安全圏から抜け出したい
今までずっと、安全圏で生きてきた。
幼い頃から絵を描くのが好きで、親が美大出身だったこともあり、高校生ぐらいまで美大に進む気満々でいた。美大に行けなくとも、絵の道で食べていこう。本気でそう思っていた。
中学生ぐらいからパソコンを使うようになって、頻繁にインターネットを見るようになった。そこでよく目にした言葉は「絵の道で食べるのは厳しい」「美大 終わり」そんな言葉ばかりだった。
そんなことやってみないとわからないじゃないか、と思う一方で、だれが書いたかもわからない言葉にたくさん影響を受けていたのも事実だった。
結局私は当時、好きなことで将来を進む勇気がなくて、普通科の大学に進学した。
そして今。私は就職活動をしている。就活しなくても生きていける世の中で、私は漠然とした将来の不安から就活をすることを選んだ。
特にこれがやりたい!というものがなかったのもあるけど。とにかく私は、フツーに大学を卒業して、フツーに就職するという道を選んだのだ。
そんな中、私の周りで自分の夢を追いかけている友人が2人いた。
1人は私と同じ4年生大学に通う子。高校1年生から仲が良くて、もう5年以上の付き合いになる。
彼女は就活が嫌すぎて商業BLの世界で食べていくと決めてからは、コミケ時に得た人脈を生かして今連載に向けて頑張っている。
最近漫画がバズり、知名度も増え、夏から連載開始の話が進んでいるそう。彼女は今日、去年黒染めした髪の毛を青に染めるらしい。
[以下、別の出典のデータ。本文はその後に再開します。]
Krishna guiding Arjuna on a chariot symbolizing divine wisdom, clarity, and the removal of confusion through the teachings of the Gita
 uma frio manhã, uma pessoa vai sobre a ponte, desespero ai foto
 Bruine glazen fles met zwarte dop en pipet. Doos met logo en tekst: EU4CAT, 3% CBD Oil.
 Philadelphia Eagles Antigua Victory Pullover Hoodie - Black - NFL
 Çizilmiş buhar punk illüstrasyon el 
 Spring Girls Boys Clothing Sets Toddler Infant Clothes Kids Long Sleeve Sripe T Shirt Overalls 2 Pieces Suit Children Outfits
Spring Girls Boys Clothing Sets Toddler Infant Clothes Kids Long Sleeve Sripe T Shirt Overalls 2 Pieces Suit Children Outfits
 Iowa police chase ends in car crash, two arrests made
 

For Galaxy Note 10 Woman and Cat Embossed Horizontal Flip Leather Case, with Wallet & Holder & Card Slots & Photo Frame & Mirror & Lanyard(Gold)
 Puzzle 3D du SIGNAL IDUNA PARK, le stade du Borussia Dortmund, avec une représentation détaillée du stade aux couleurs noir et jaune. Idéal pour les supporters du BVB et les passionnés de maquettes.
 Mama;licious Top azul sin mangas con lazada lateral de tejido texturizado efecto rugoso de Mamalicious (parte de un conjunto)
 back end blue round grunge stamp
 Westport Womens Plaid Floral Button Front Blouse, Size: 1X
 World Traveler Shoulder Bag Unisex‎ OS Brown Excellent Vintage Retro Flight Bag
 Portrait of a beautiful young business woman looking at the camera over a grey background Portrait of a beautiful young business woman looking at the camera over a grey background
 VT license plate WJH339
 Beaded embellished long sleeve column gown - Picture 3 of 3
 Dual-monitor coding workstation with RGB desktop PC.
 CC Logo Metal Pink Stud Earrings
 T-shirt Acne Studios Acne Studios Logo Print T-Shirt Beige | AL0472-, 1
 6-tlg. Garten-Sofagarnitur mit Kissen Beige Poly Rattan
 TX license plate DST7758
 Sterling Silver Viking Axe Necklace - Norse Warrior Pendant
もう1人も普通の大学生だった子で、同い年の服が好きな男の子。彼は高校年生の頃から服に興味を持ち始め、アパレルショップの店員といっても差し支えないほどに知識が豊富だった。そんな彼は来月、服に興味を持ってからずっと通っている店の面接を受けるらしい。
ふたりを見ていると、すごく眩しい気持ちになった。だって普通に考えて、漫画家もアパレルの店員も、一般的にお金がどうとか恵まれているわけではないと思うのだ。漫画家は不安定だし、アパレルは休みも少ない。それでも彼ら彼女らは、自分のやりたいことに正直になって、しかもその道に進むためにちゃんと努力もしている。
”普通”に縛られて、自分のやりたいことがわからなくなっていた私にとって、二人はめちゃくちゃかっこよかった。
就活をしていると、いや、していなくても、「一般的なこと」と「本当の自分の気持ち」の区別がつかなくなってしまう。
”普通”から外れるのが怖くなるのだ。
確かに「やりたいこと」をするのには勇気がいる。やりたいことを探すのも大変だ。しかし、私は本当はどう生きたいのか。何をしたいのか。そこから目を背けずに向き合って、そこで出てきた本音こそが、本当の「やりたいこと」なのだろう。
先月、就活を始めた時からずっと行きたかった企業に落ちた。それから一か月後ぐらいに、私はある夢を見た。
その夢の中では、私以外にもその会社に落ちた人がたくさんいて。夢の中の私もやっぱり、落ちていた。
だけど、夢の中の私はなぜかケラケラと笑っていた。
そして起きた時に思ったのだ。
別に高い車に乗れなくてもいい。大きな家に住めなくてもいい。リッチな生活ができなくても構わない。
それでも、自分の好きなことをして、生産性とかそういうことを気にせずに生きたい。自分がずっと好きな、アニメとか映画とか服とか、そういうサブカルチャーへの愛を捨てたくない。
そして死ぬときに、案外私の人生って悪くなかったなって思って死にたい。
今までずっと安全圏で生きてきた私。だけどこれからは、自分のやりたいことにまっすぐ飛びついていけるようになりたい。
いつか死ぬときに、「私の人生、結構良かったかも」って思えるように。